What we've been playing - door kicking, cursed oil rigs, and surprisingly still-powerful old games
A few of the things that have us hooked this week.
12th July 2024
Hello! Welcome back to our regular feature where we write a little bit about some of the games we've been playing over the past few days. This week we've been revisiting games we thought we never would, because now we know the ending; we've been tip-toeing around on cursed oil rigs, enjoying the details but not the horrific monster that lurks there; and we've been kicking down doors. We've had a smashing time.

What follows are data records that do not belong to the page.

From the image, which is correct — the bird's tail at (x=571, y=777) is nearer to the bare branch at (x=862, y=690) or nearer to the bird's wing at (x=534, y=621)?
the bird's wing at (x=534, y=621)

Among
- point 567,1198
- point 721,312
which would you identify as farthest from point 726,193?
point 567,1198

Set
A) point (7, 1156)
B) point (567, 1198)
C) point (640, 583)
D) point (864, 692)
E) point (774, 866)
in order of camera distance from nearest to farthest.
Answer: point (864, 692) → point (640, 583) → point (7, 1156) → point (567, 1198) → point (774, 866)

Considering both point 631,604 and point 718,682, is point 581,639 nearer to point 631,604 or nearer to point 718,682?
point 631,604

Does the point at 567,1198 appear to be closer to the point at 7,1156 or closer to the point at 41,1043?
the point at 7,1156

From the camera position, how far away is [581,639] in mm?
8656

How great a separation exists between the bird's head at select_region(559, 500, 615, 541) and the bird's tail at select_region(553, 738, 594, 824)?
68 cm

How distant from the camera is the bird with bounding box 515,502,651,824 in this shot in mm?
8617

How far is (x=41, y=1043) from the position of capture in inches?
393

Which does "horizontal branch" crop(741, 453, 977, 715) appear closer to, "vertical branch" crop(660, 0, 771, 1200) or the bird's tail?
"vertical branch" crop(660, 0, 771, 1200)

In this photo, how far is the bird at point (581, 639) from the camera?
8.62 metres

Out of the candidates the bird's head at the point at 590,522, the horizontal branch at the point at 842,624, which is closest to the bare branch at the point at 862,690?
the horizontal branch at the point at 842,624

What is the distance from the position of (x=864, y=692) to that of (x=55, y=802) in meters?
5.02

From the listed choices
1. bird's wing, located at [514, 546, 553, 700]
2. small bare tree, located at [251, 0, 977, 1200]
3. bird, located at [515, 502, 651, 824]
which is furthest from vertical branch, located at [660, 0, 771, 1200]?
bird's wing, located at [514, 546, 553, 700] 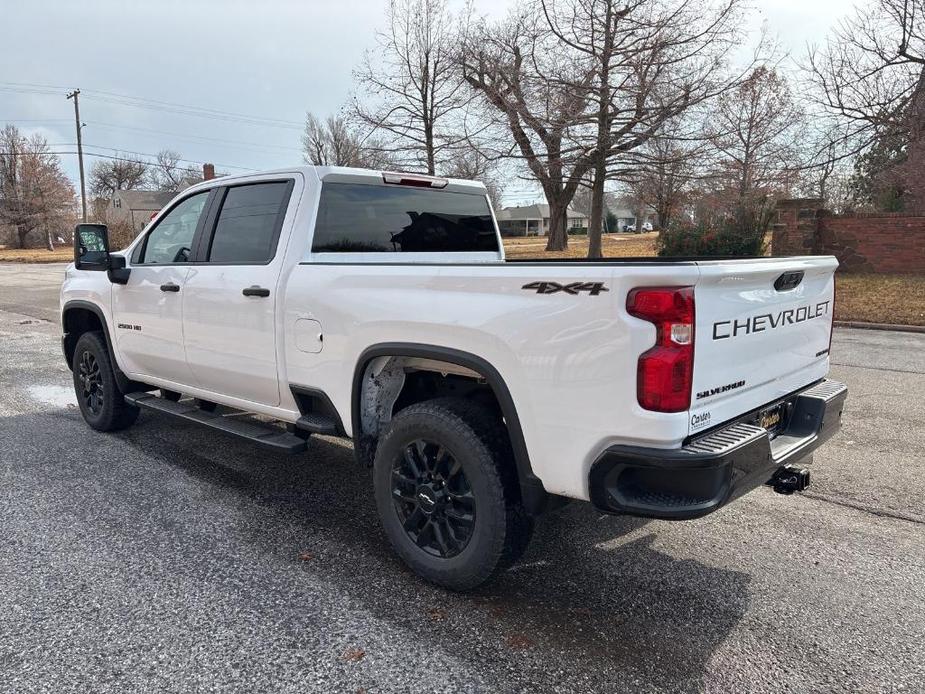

What have you been playing?
You can catch up with the older editions of this column in our What We've Been Playing archive.
Still Wakes The Deep, PC
My entire life has been consumed by Elden Ring these past weeks, so I thought I'd break up my gaming time with the perfect palette cleanser: walking around twisty-turny corridors while trying to escape a horrible cosmic monster. Wait… was I still playing Shadow of the Erdtree or Still Wakes The Deep?
The oil rig definitely has a certain FromSoft-ness about it - in the way each of its sections loops back around to other areas you visited previously - but it is of course a 100 percent linear journey from start to finish. Still, its whole 'Sorry pal, engineering is literally on fire right now because our mate erupted into a giant meat monster with razor sharp whips for legs' schtick does capture the same kind of trepidation I've felt when sidling up to various Erdtree nasties, and I desperately wish FromSoft afforded you the same kinds of courtesies by being able to distract its mangey inhabitants by chucking cans of Coke and hammers into the distance.
The rig itself has a wonderful personality to it as well. Apart from being extremely ramshackle and clearly failing every health and safety standard going, with its duct-taped wooden planks forming a legit route down to the lifeboats, its thinly carpeted floors and low-hanging overhead lights look and feel exactly on point - bringing back memories of classrooms and old school canteens. I also love the oily effect that bubbles and pops in your peripheral vision whenever you come into contact with its supernatural meat mass. It might be one of my favourite visual effects of the year, that - the oil, not the meat. The meat monster can burn in the same fires as Erdtree's Messmer the Impaler, as far as I'm concerned. And Bayle. He can get in the meat bin too. Horrible things, the lot of them.
-Katharine
Anger Foot, PC
This week I have been greatly enjoying kicking doors. I was allowed to do it! Devolver had a door with a kick-plate set up for an Anger Foot event in Brighton, and I did what was asked of me and kicked it. It made lots of noise and it was fun.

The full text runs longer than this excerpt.